Fear is the opposite of love. It motivates you to do all sorts of negative things that are not loving to yourself or others. The greater the fear of harm to yourself, the more you will lash out at anyone who happens to be near you. Think of an animal – when in fear, the instinctive response is to bite or attack. I have a beautiful old cat named Mama Kitty. She is very docile in her natural, relaxed state. But she has a fear problem – she’s a little bit neurotic because when she was young, a little boy had a tendency to tease her a bit, and she accidentally got her tail caught in a closing door a long, long time ago.

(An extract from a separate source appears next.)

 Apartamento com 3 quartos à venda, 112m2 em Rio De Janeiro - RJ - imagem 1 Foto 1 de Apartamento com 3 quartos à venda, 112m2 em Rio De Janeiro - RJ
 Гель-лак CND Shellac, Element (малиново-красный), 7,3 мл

Because she is extra protective of her old wound, she is nervous about people coming up behind her and catching her off guard, and she does not like the other family animals at all. You always know when Mama Kitty is afraid, because she will meow loudly and hiss, or even attack the dog or our other cat if they get too close. She will always be like this, she will never change. But we love her anyway, and we are always careful to be gentle with her or let her know when we’re approaching, whenever we can. Mama Kitty has found it easier on her nerves to live in our large backyard where there are many nooks and crannies in which she can nap.

Do you know any people like this? Maybe you are a victim of your own fear. I know that I have done some unusual things out of fear. Once, when I was going through a really rough patch in my life, I had begun to isolate myself from others. I stayed home most of the time, never answered the phone and never called anyone. I was out in the garage working one day; I was wearing ratty old work clothes, no makeup, and my hair was a rat’s nest to match. A few of Darin’s friends showed up unannounced. Bless their hearts, they didn’t mean anything by it, they were in the area and just wanted to say hello to Darin. When they pulled up in the driveway on their motorcycles and hopped off, I leapt out of my chair and screamed, “Don’t look at me!” and ran into the house, never showing my face again until after they left.

That was not one of my better moments.

There are all kinds of fear in us. Observe your own bad behaviors and see how you can trace them back to a fear. My fear was to be seen a certain way. I blamed it on my clothing and my bad grooming, but I was actually fearful of someone seeing inside my heart. I was fearful of being hurt and rejected. I was afraid that I would not be accepted. My fears are exacerbated by my wounds. Like a wounded animal, I lash out to protect myself from being hurt further.

Trace your anger directly back to your wound. If you don’t know what your wound is, you can follow your anger back like a trail of crumbs to the source.

But we are forgiven, forgiven of all our of weaknesses. And unlike Mama Kitty, I am able to overcome my knee-jerk reactions to fear. In fact, fear itself can be eliminated from my heart with God’s help. If we stay stuck in our fears and old wounds, we are no better than animals. Become fully human by growing and healing.